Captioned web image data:
----

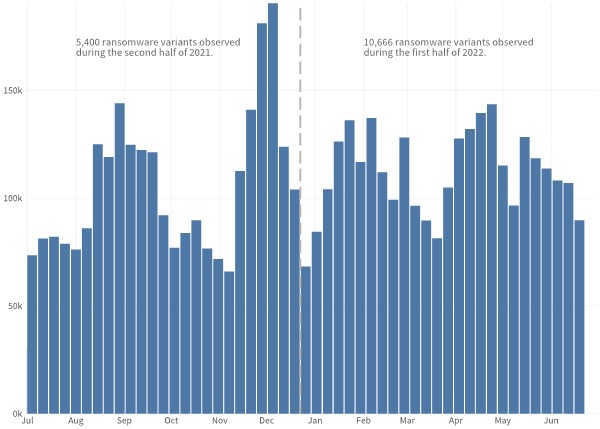 Graph of weekly ransomware volume over the last 12 months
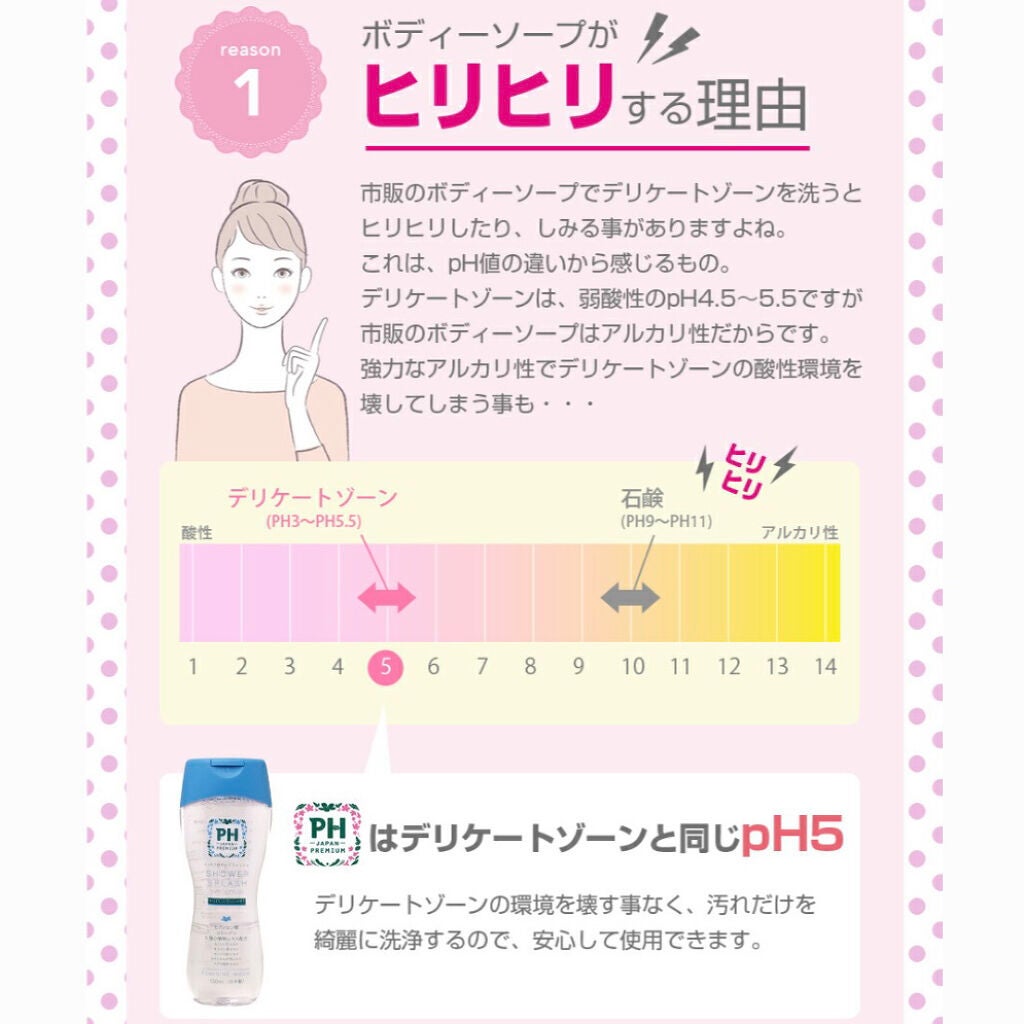 フェミニンウォッシュ フレッシュブロッソム/PH JAPAN(ピイ・エイチ・ジャパン) /デリケートゾーンケアを使ったクチコミ(2枚目)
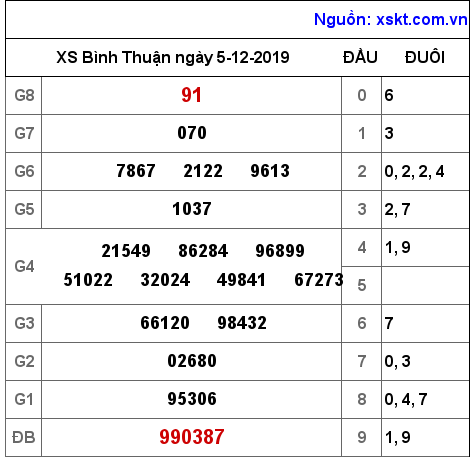 XSBTH ngày 5-12-2019 XSBTH ngày 5-12-2019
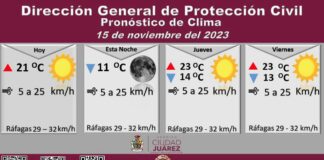 Pronostican temperatura máxima de 21 grados Celsius para este miércoles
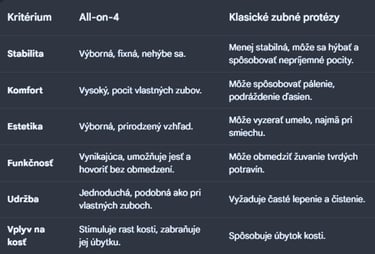 All-on-4 vs. klasické zubné protézy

----

Print each line above exactly as it appears, excluding all images.

 Graph of weekly ransomware volume over the last 12 months
 フェミニンウォッシュ フレッシュブロッソム/PH JAPAN(ピイ・エイチ・ジャパン) /デリケートゾーンケアを使ったクチコミ(2枚目)
 XSBTH ngày 5-12-2019 XSBTH ngày 5-12-2019
 Pronostican temperatura máxima de 21 grados Celsius para este miércoles
 All-on-4 vs. klasické zubné protézy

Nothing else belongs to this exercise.